Can you share the e-mail where you received this information ?


----------



## Macca1973 (Jan 24, 2021)

Yukoner1 said:


> Can you share the e-mail where you received this information ?


No problem, here it is.


----------



## Yukoner1 (Aug 26, 2019)

Macca1973 said:


> No problem, here it is.


OK, so first thing here is that that's not "Oris". That's a third party retailer. Also, they did not tell you that 20/25 rotations is fully wound. They told you "we usually recommend winding your watch a full 20/25 if you are using a watch winder". So they're saying that you should manually wind 20/25 full crown rotations BEFORE putting it onto the watch winder.

This is why I asked you to post the actual correspondence. I believe you have misunderstood what they said, not to mention, "they" is a retailer, not Oris the manufacturer themselves.


----------



## ACL-Watch (May 23, 2018)

Yukoner1 said:


> OK, so first thing here is that that's not "Oris". That's a third party retailer. Also, they did not tell you that 20/25 rotations is fully wound. They told you "we usually recommend winding your watch a full 20/25 if you are using a watch winder". So they're saying that you should manually wind 20/25 full crown rotations BEFORE putting it onto the watch winder.
> 
> This is why I asked you to post the actual correspondence. I believe you have misunderstood what they said, not to mention, "they" is a retailer, not Oris the manufacturer themselves.


Speaking of Oris themselves, I have written to them on a few occasions and they usually get back to me within a couple of days tops.


----------



## Robotaz (Jan 18, 2012)

Yukoner1 said:


> OK, so first thing here is that that's not "Oris". That's a third party retailer. Also, they did not tell you that 20/25 rotations is fully wound. They told you "we usually recommend winding your watch a full 20/25 if you are using a watch winder". So they're saying that you should manually wind 20/25 full crown rotations BEFORE putting it onto the watch winder.
> 
> This is why I asked you to post the actual correspondence.

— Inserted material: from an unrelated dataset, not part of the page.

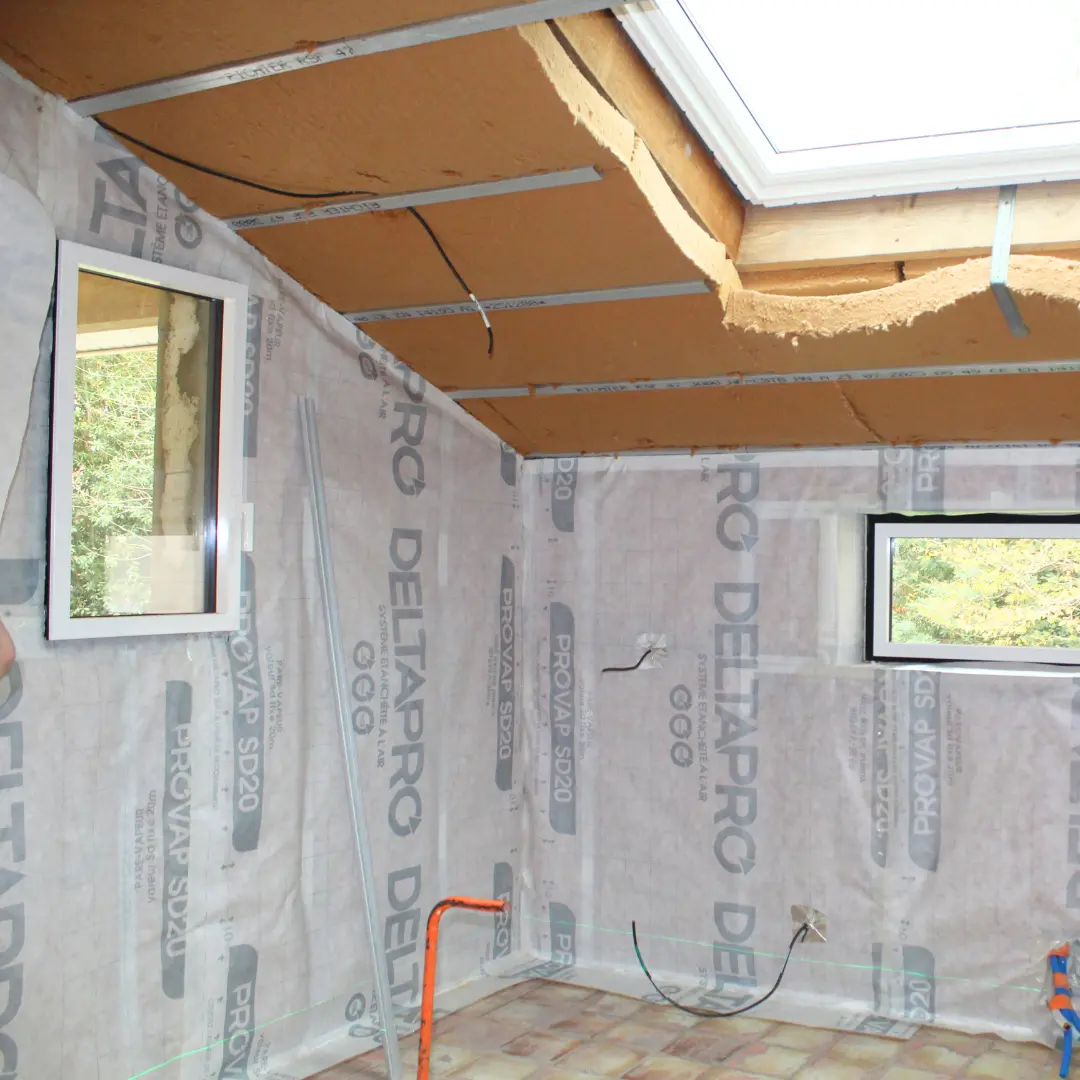 Isolant et membrane de protection apparents autour d’une fenêtre de toit.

I believe you have misunderstood what they said, not to mention, "they" is a retailer, not Oris the manufacturer themselves.


No reason to address him like he's an invalid child.

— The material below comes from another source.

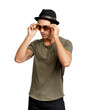 © peopleimages.com - A trendy young man putting on sunglasses Isolated on a PNG background.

The notion the movement needs to be wound before going on a winder indicates someone has no idea what they're talking about.


----------



## JacobC (Aug 21, 2013)

Robotaz said:


> No reason to address him like he's an invalid child.
> 
> The notion the movement needs to be wound before going on a winder indicates someone has no idea what they're talking about.


You should always hand start an automatic if you care about timekeeping performance.


----------



## Robotaz (Jan 18, 2012)

JacobC said:


> You should always hand start an automatic if you care about timekeeping performance.


Winding a watch before you put it on a winder has no effect whatsoever.


----------



## Macca1973 (Jan 24, 2021)

Yukoner1 said:


> OK, so first thing here is that that's not "Oris". That's a third party retailer. Also, they did not tell you that 20/25 rotations is fully wound. They told you "we usually recommend winding your watch a full 20/25 if you are using a watch winder". So they're saying that you should manually wind 20/25 full crown rotations BEFORE putting it onto the watch winder.
> 
> This is why I asked you to post the actual correspondence. I believe you have misunderstood what they said, not to mention, "they" is a retailer, not Oris the manufacturer themselves.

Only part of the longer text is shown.